Duchowny przemierza dom z szybką inspekcją, wysłuchuje raportu portiera, wydaje dyspozycje zakupowe. Bez pukania wpada do czystych trzyosobowych pokoi. Tam, gdzie wyczuje zaduch, nadmienia spokojnym głosem: – Skarpeteczki, panowie, skarpeteczki.
W 1998 r. ojciec Paleczny zorganizował na Dworcu Centralnym protest bezdomnych pod hasłem: „Bezdomni Polacy. Dzisiaj my – jutro wy”. Przewodził modlitwom w hali biletowej, żądał ziemi pod Warszawą, gdzie wybuduje miasto dla swoich podopiecznych, nagrywał porywające pieśni narodowo-religijne, które stawały się hitami w Radiu Maryja. Pielgrzymowali do niego prawicowi posłowie, ludzie premiera i władze miasta. Pojawiał się Tadeusz Rydzyk. Przez trzy miesiące trwania protestu dzięki Palecznemu na dworcu było znacząco i politycznie. Potem nagle ucichło.

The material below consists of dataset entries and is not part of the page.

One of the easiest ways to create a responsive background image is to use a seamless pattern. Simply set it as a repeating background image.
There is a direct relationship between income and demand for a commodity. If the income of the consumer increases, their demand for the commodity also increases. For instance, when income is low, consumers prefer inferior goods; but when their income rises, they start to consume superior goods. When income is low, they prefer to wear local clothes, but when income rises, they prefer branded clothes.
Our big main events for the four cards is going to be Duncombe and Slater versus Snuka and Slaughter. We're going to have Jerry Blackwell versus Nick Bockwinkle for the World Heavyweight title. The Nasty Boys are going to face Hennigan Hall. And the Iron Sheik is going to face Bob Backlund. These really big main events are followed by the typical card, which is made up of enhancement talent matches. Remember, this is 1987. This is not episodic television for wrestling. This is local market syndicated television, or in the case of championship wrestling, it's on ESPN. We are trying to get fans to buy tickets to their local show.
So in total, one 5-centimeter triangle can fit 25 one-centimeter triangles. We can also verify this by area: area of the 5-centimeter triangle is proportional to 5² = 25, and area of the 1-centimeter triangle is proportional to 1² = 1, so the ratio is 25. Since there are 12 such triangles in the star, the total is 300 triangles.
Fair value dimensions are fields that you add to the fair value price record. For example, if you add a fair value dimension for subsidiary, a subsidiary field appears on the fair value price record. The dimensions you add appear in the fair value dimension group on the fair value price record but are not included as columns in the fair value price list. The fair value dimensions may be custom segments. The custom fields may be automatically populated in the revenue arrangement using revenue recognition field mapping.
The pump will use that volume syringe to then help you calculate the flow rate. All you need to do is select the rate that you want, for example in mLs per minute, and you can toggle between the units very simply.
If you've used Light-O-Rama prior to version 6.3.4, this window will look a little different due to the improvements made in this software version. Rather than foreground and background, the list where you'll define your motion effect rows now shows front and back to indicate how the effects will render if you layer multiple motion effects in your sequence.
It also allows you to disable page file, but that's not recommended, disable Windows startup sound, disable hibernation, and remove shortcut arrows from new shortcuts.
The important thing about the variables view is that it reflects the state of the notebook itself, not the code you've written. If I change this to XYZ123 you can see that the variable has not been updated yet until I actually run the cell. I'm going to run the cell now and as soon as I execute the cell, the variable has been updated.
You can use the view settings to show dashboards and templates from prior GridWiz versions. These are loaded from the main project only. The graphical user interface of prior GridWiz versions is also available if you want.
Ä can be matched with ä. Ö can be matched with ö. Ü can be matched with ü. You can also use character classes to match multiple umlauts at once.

– Wydaje się, że zakon kamilianów ma w Polsce dwie twarze: Bogusława Palecznego od bezdomnych i Arkadiusza Nowaka od nosicieli HIV – mówi Jarosław Makowski, publicysta związany z „Krytyką polityczną”, autor artykułu „Niepokorni synowie Kościoła” sprzed kilku lat. – Być może Paleczny zrozumiał, że więcej osiągnie idąc spokojną drogą Nowaka, niż kiedy gazety piszą o nim jak o nawiedzonym.